R tm package vcorpus: Error in converting corpus to data frame

lmcshane picture lmcshane · Jul 11, 2014 · Viewed 30.9k times · Source

I am using the tm package to clean up some data using the following code:

mycorpus <- Corpus(VectorSource(x))
mycorpus <- tm_map(mycorpus, removePunctuation)
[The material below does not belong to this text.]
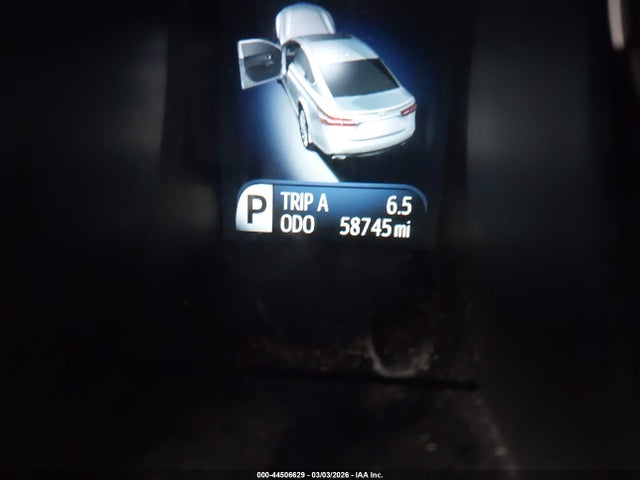 Aukcja sprzedaży 2013 Toyota Avalon Limited, vin: 4T1BK1EB0DU057912, numer aukcji: 44506629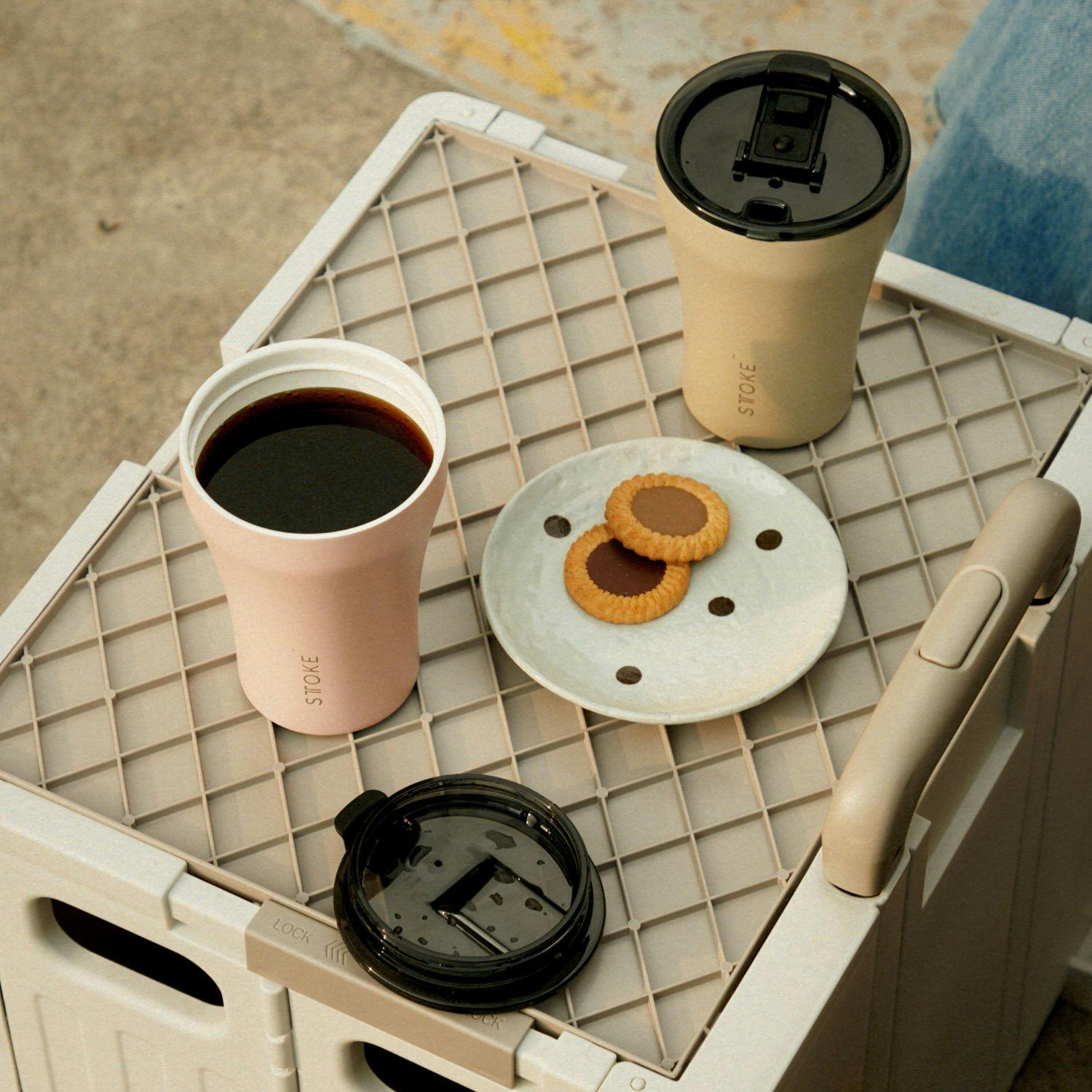 コーヒーカップ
I then want to convert the corpus back into a data frame in order to export a text file that contains the data in the original format of a data frame. I have tried the following:

dataframe <- as.data.frame(mycorpus)

But this returns an error:

"Error in as.data.frame.default.(mycorpus) : cannot coerce class "c(vcorpus, > corpus")" to a data.frame

How can I convert a corpus into a data frame?

Answer

MrFlick picture MrFlick · Jul 11, 2014

Your corpus is really just a character vector with some extra attributes. So it's best to convert it to character, then you can save that to a data.frame like so:

library(tm)
x <- c("Hello. Sir!","Tacos? On Tuesday?!?")
mycorpus <- Corpus(VectorSource(x))
mycorpus <- tm_map(mycorpus, removePunctuation)

dataframe <- data.frame(text=unlist(sapply(mycorpus, `[`, "content")), 
    stringsAsFactors=F)

which returns

              text
1        Hello Sir
2 Tacos On Tuesday

UPDATE: With newer version of tm, they seem to have updated the as.list.SimpleCorpus method which really messes with using sapplyand lapply. Now I guess you'd have to use

dataframe <- data.frame(text=sapply(mycorpus, identity), 
    stringsAsFactors=F)